Isso mesmo se torna manifesto noutra fórmula que se pode usar neste rito: Arrepen­dei-vos e acreditai no Evangelho [iv]. Somos pecadores, necessitados do perdão de Deus; por isso, somos convidados a uma mudança profunda, a dirigir o rumo da nossa peregrinação terrena para a meta definitiva: a felicidade eterna com Deus. Desejo que, com sentido optimista, vejamos nestas palavras a exigência de melhorar dia após dia: se mantivermos esta luta, para nós o Juiz divino não será Juiz – no sentido austero da palavra – mas simplesmente Jesus [v], o "nosso" Jesus: um Deus que perdoa.

Meditemos, portanto, no que S. Josemaria escreveu: reparai nesta maravilha que é o cuidado que Deus tem por nós, sempre disposto a ouvir-nos, atento em cada momento à palavra do homem. Em qualquer altura – mas agora de modo especial, porque o nosso coração está bem disposto, decidido a purificar-se – Ele ouve-nos e não deixará de atender ao que Lhe pede um coração contrito e humilhado (Sl 50, 19) [vi].

A Santa Igreja apresenta-nos, uma vez e outra, com uma pedagogia certeira, as ideias fundamentais, para que fiquem bem gravadas e não as esqueçamos. Ao começar a Quaresma, enquanto o sacerdote actua na cerimónia de Quarta-feira de Cinzas, convida-nos a entoar um cântico cheio de esperança: renovemos a nossa vida com espírito de humildade e penitência; jejuemos e choremos diante do Senhor, porque a misericórdia do nosso Deus está sempre disposta a perdoar os nossos pecados [vii].

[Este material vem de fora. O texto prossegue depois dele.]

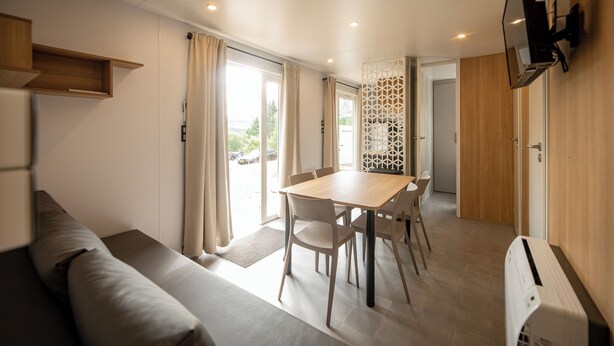 A modern room with a wooden dining table, a sofa, and a TV mounted on the wall. - The Grande Large mobile home is a fully equipped, comfortable accommodation for 6 people, ideal in any season thanks to its three bedrooms, terrace, air conditioning, and central heating. (Dochamps)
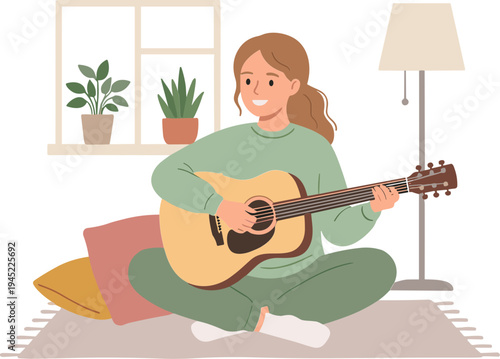 A woman sits on a rug playing an acoustic guitar indoors with plants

Todos os anos consideramos que o espírito da Quaresma se resume em três práticas tradicionais deste período: a oração, a penitência, as obras de misericórdia. Convidei-vos a reparar nestes pontos, precisamente a propósito deste tempo litúrgico. Gostaria agora de me fixar especialmente no espírito de penitência, que nos deve levar, com dor e refugiando­‑nos na misericórdia divina, a reparar pelos nossos pecados e pelos de todas as pessoas.

Glosando o chamamento do profeta Joel ao arrependimento – convertei-vos a mim de todo o coração –, que a liturgia propõe no começo da Quaresma [viii], S. Jerónimo escrevia o seguinte: «que a vossa penitência interior se manifeste por meio do jejum, do pranto e das lágrimas. Desta forma, jejuando agora, sereis depois consolados (...). Não duvideis do perdão, pois, por grandes que sejam as vossas culpas, a magnitude da sua misericórdia perdoará, sem dúvida, a abundância dos vossos muitos pecados» [ix].

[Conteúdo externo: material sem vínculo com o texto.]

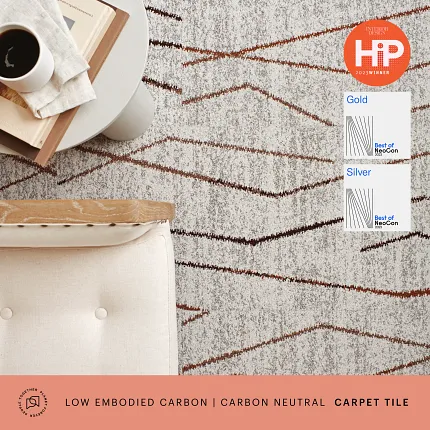Low Embodied Carbon Carpet Tile with Geometric Design - Award-Winning Commercial Flooring Modern commercial carpet tile with geometric pattern in shades of gray and brown, featuring a coffee table with books and a cup of coffee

Reparemos, em primeiro lugar, pelas nossas faltas pessoais. Todos nós recebemos o Baptismo que nos converteu em filhos de Deus e membros do Corpo Místico de Cristo, que é a Igreja. Não é lógico que correspondamos a tanto amor com toda a nossa alma? Todavia, devemos reconhecer que com frequência, devido à nossa debilidade, não cumprimos a Vontade de Deus ou, pelo menos, não correspondemos ao seu Amor com a prontidão e a generosidade que tem direito a esperar de nós.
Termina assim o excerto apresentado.